The authors develop a more complex, nuanced version of the Lucas Critique (the [monetary] "policy ineffectiveness proposition") than the customary interpretation—which is that only unanticipated, unanticipated shocks have any effect on real output.

We believe that the Lucas critique can be dealt with only pragmatically. We cannot seek invariance at the deepest microfoundational level, but we must rather seek relative invariance a level or two below the aggregate macroeconomic phenomena...The fact that the impulse-response functions for the structural macroeconometric model in the Lucasian case of λ=0 correspond to the usual impulse response functions from the structural VAR highlights a point only infrequently acknowledged: the usual methods of assessing the implications of structural VARs implicitly assume Lucas’s surprise-only economy... [In the case where we model λ=1], in contrast to the Lucasian case, a monetary shock has a direct effect as in the Lucasian case and an indirect feedback effect in which the monetary-policy-reaction function captured in equation (19) systematically affects real variables
[p.10b-12a]

Yes, excellent, so what is this "relative invariance below the aggregate macroeconomic phenomena"?

The great tension in the empirical analysis of monetary policy is between the need for a structural account that can support the kind of counterfactual analysis needed for policy analysis and the need for modesty on the part of macroeconometricians in their claims for empirical warrant (or even credibility) for the assumptions used to identify that structure. Lucas’s original program set a high standard for the requisite structural detail.

Something we imagine was accommodated by computer technology; the conclusion?

First, the economy is best characterized as being composed of a mixture of agents, some of whom operate according to the new classical paradigm (rational expectations, short-run neutrality of money) and some of whom appear to follow rules of thumb. The estimate of λ=0.57 could be read as saying Lucas was 43 percent right in his early new classical model of the macroeconomy.
Second, even with only half the economy in the rule-of-thumb camp, the economy behaves quantitatively and qualitatively substantially as if Lucas had been wrong altogether about the unimportance of systematic and anticipated monetary policies.
Third, Lucas is correct, nonetheless, that the aggregate reactions of the economy are conditioned on policy regimes and the analysis of what happens when a regime changes—in practice as well as in theory—requires some structural knowledge. The key assumption of this paper is that the coarse structural knowledge suggested in Cochrane’s decomposition of the effects of monetary policy into anticipated and unanticipated components is sufficient—and very likely the best that we can practically accomplish—to reach substantive results.

This strikes me as something of a Heisenberg uncertainty principle for economics; such things cannot, I believe, exist for a social science, even one that is suffering from physics envy.
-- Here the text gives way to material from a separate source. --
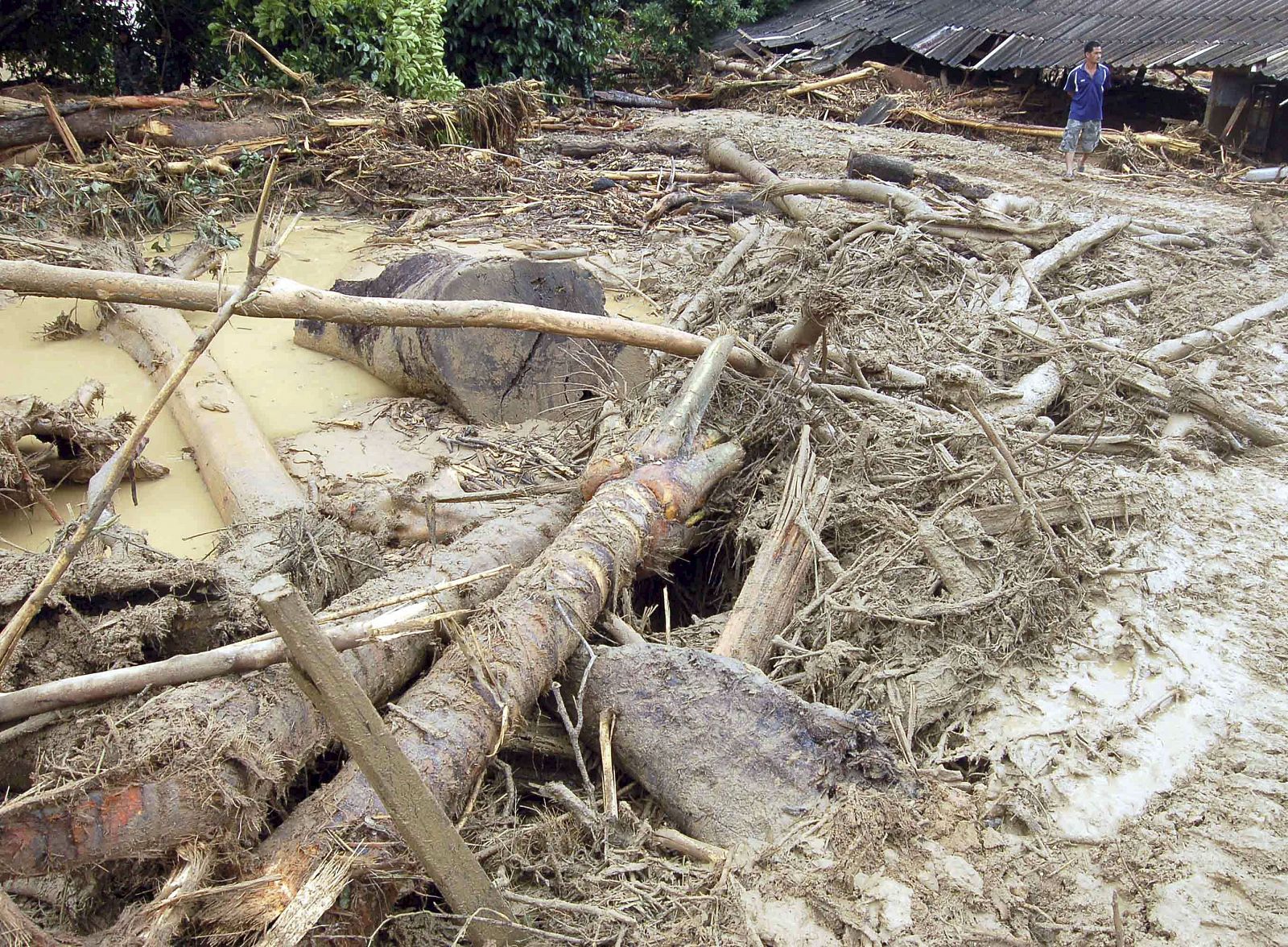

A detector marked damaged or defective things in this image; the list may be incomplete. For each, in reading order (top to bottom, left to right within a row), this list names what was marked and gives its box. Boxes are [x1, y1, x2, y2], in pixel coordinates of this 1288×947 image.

This post—including its first part—would not be complete if I did not at least discuss the concept of "physics envy." Lukelea (who wrote the web log entry on physics envy above) makes some compelling points about the fact that economics is not comparable to physics—which strikes me as clamorously obvious—but seems to overlook an alternative hypothesis, that it does seek to take full advantage of statistical technology. Statistics is often used in a rash way, as when policymakers seek to confirm or deny meaningless propositions, and economics in all its variant schools is the same way.

When I began researching economics for my own interest, I believed that it had taken a wrong turn in focusing on a controversy over which system of linear equations most coherently captured how the economy worked. I believed, in fine, that since no such system could ever describe the whole of capitalism, it followed that all the energy was being directed at describing a parallel universe with no urgent attachment to this one. I further believed that the ideal would have been to study case histories, with a parsimonious use of entirely certain parameters. Perhaps this ideal of mine did not develop because it was an absurd ideal. I rather cheerfully propose that it is the next turn in the road of economic analysis, since the limits of what is statistically meaningful have been reached.